|01/06/2009||The Rise of Texas
The actual creation of Texas Hold’em is a faint memory with a lot of gaps. In other words, a boring story to tell. However, the rise to fame, like the rise of a superhero, is a story always worth telling.
The Texas State Legislature officially acknowledges Robstown, Texas as the birthplace of Hold’em, as it was called back in the early twentieth century. There was no need to put the word Texas before Hold’em because that was the only place anyone ever played the game. Not until a few Texan card players went to the city of Las Vegas in 1967, did anybody ever see the game. The word Texas did not take much time for it to become synonymous with Hold’em.

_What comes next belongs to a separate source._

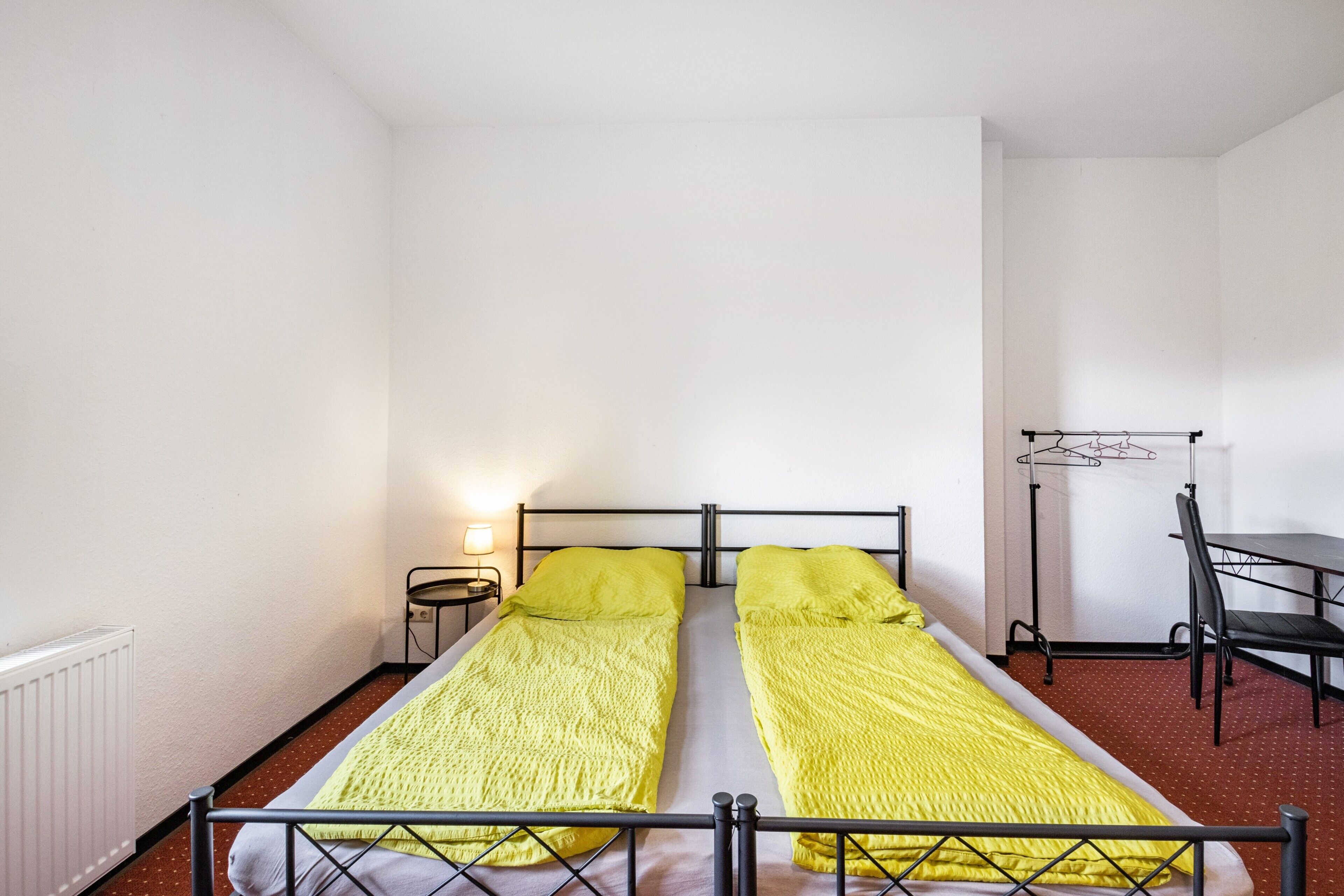 A single room with a bed, a desk, and a chair.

The game did get to a slow start, only playing at the Golden Nugget Casino in Downtown Las Vegas. The location and facilities were not the kind of place high rollers wanted to be seen or play, so in 1969 the professionals found another place more liking to their standards. The now non-existent Dunes Casino entrance on the famous Las Vegas Strip became the place to play Texas Hold’em. That same year the first ever poker tournament was held and Texas Hold’em was playable. The next year in 1970 the World Series of Poker moved into the Horseshoe Casino and Hold’em followed. The following year Texas Hold’em became a no-limit poker game and that is what it has been since.
In the 1980s California became interested in the game. At first
Texas Hold’em was illegal under a statute because of its similarities to a now forgotten game called stud-horse. In 1988 Texas Hold’em was declared legally distinct from stud-horse as Hold’em is more of a strategy game than luck. In a blink of an eye poker rooms were playing the game across the state of California. As the saying goes once California latches on to something, it is only a matter of time before the rest of the world does too.